Instructions for the task: The required output is the exact run of lines in the listing below from the line holding "2025SS鞄クリスチャンデ" through the line holding "foto 3 Mercedes-Benz", with no pictures.

*** Entries provided Section Begins ***

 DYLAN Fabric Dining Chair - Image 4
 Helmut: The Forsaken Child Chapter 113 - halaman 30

*** Entries provided Section Ends ***
*** Entries provided Section Begins ***

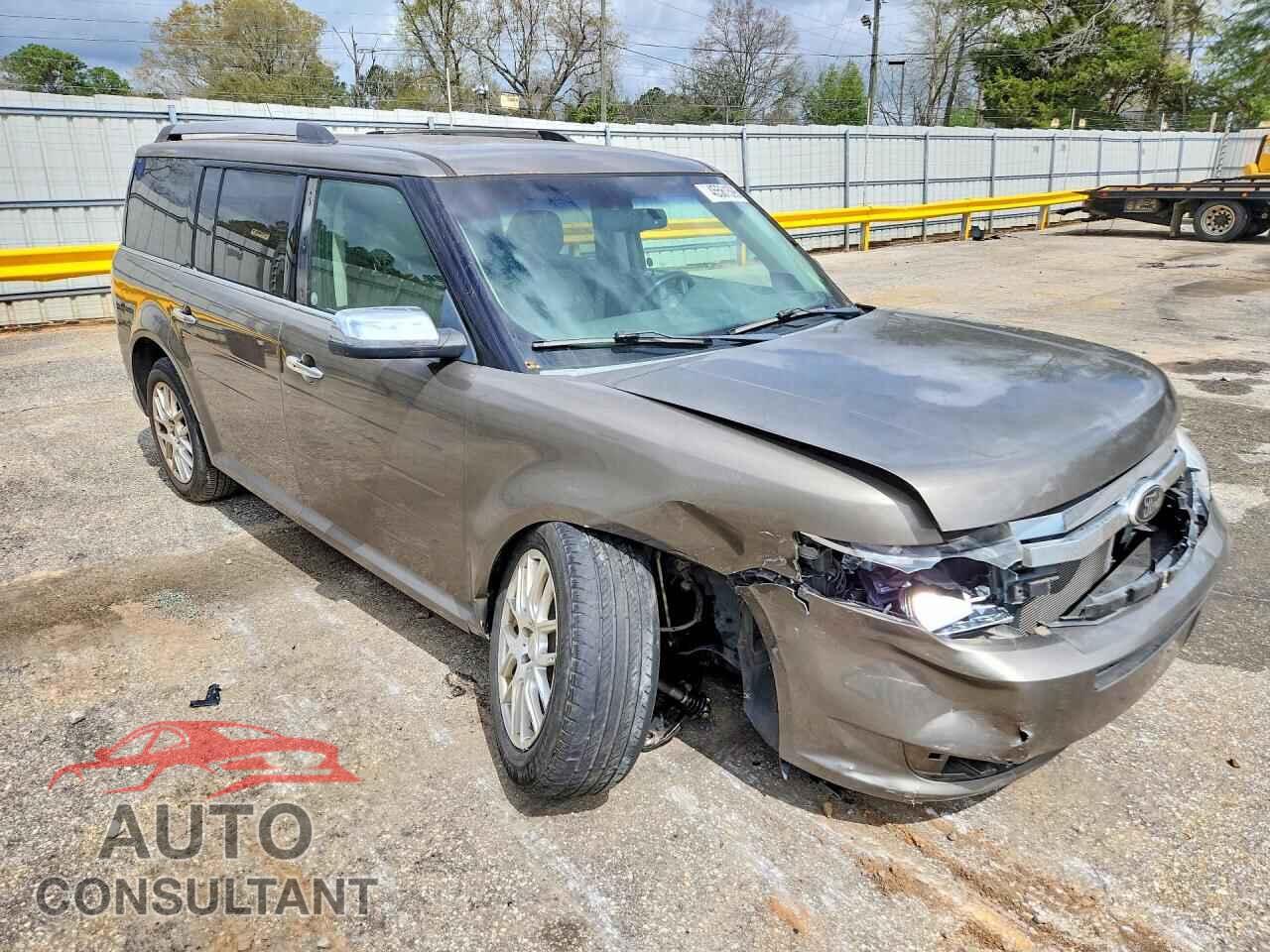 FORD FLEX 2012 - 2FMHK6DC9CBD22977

*** Entries provided Section Ends ***
*** Entries provided Section Begins ***

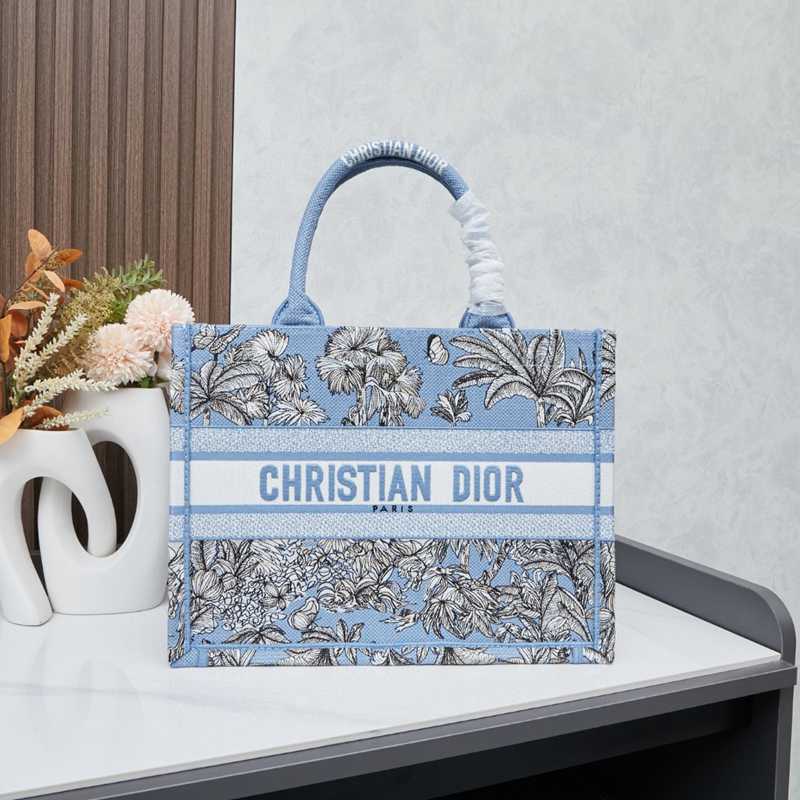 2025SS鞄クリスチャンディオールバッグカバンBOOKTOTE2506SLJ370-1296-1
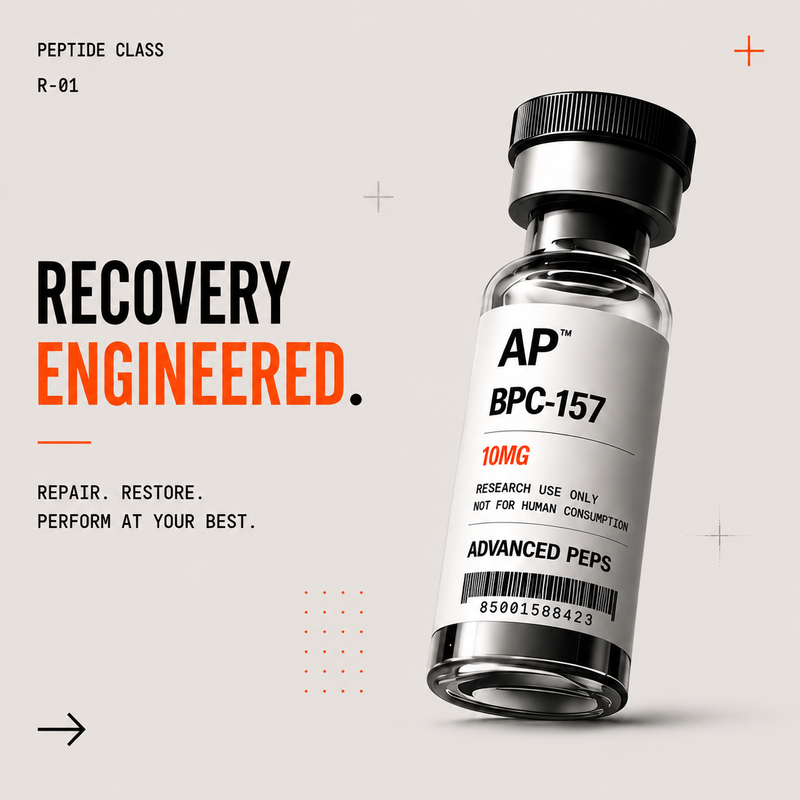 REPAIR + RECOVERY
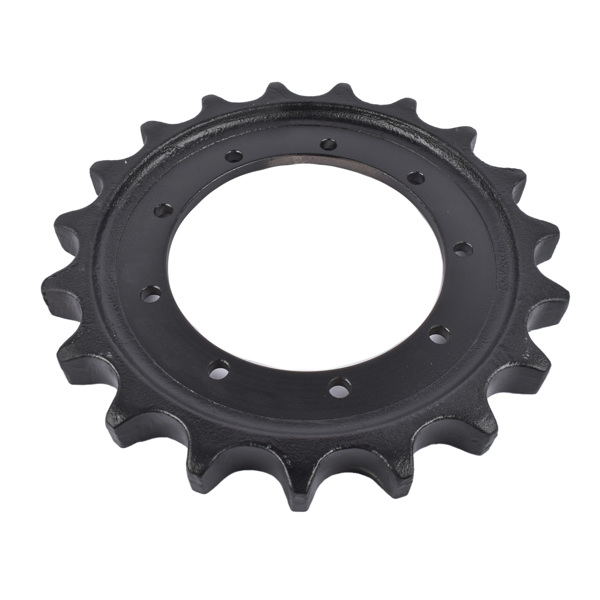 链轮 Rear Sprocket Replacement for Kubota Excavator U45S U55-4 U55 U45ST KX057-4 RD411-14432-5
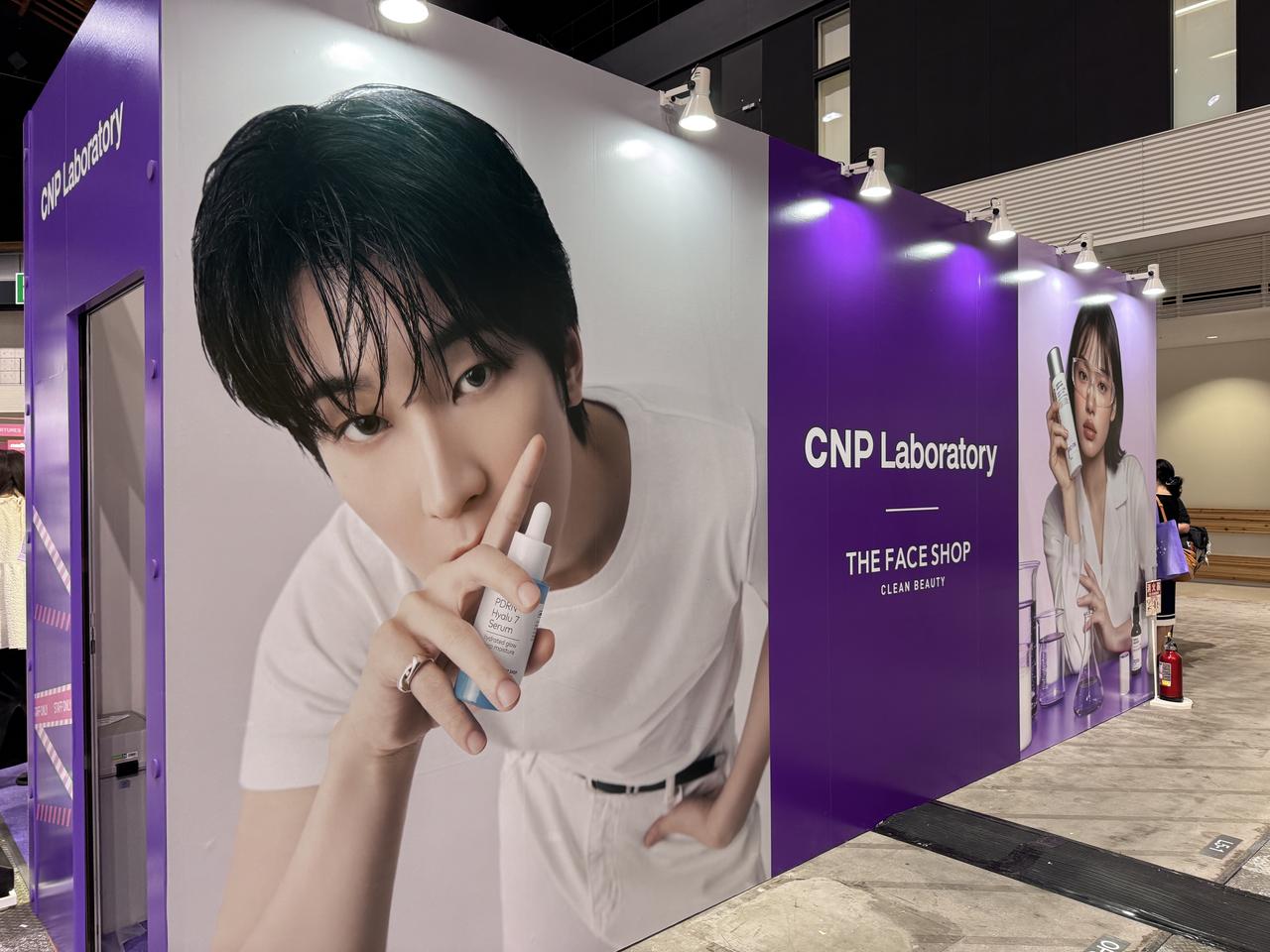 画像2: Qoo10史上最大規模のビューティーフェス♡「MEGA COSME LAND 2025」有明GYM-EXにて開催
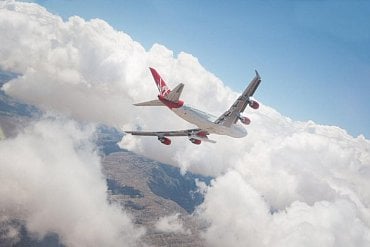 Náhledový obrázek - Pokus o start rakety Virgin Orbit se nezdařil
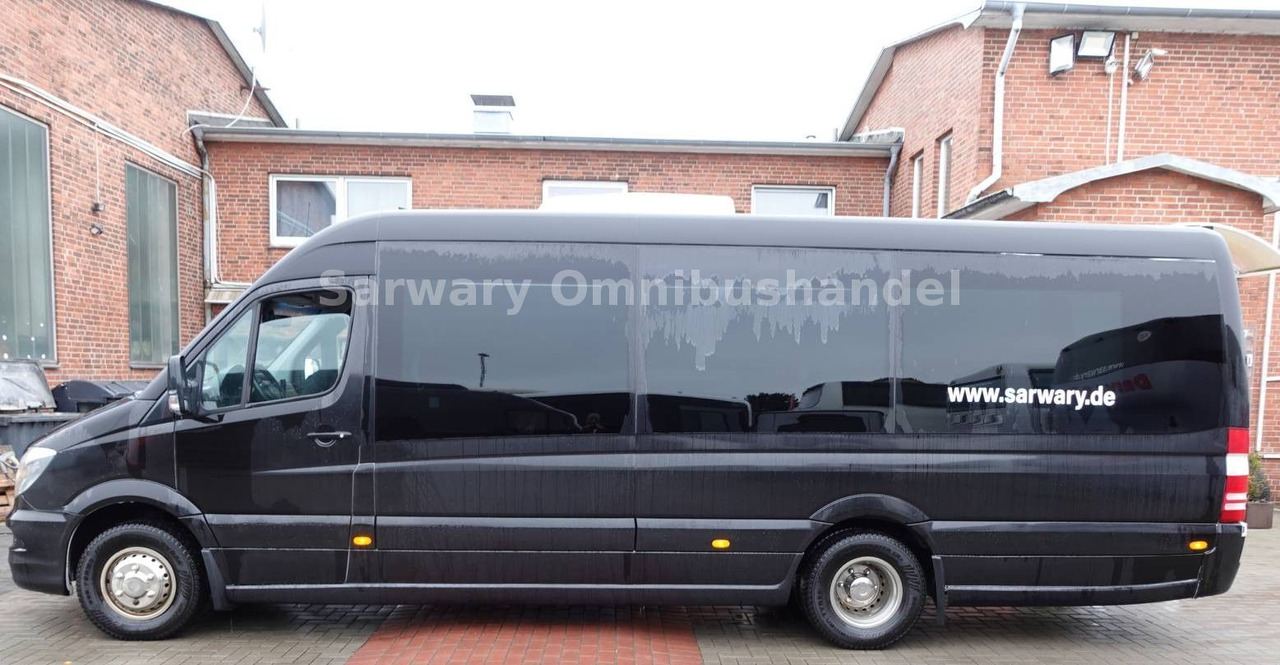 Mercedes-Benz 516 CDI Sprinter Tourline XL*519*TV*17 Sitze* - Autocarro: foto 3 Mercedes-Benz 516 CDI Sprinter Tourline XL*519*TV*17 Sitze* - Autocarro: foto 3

*** Entries provided Section Ends ***

Answer area:
 2025SS鞄クリスチャンディオールバッグカバンBOOKTOTE2506SLJ370-1296-1
 REPAIR + RECOVERY
 链轮 Rear Sprocket Replacement for Kubota Excavator U45S U55-4 U55 U45ST KX057-4 RD411-14432-5
 画像2: Qoo10史上最大規模のビューティーフェス♡「MEGA COSME LAND 2025」有明GYM-EXにて開催
 Náhledový obrázek - Pokus o start rakety Virgin Orbit se nezdařil
 Mercedes-Benz 516 CDI Sprinter Tourline XL*519*TV*17 Sitze* - Autocarro: foto 3 Mercedes-Benz 516 CDI Sprinter Tourline XL*519*TV*17 Sitze* - Autocarro: foto 3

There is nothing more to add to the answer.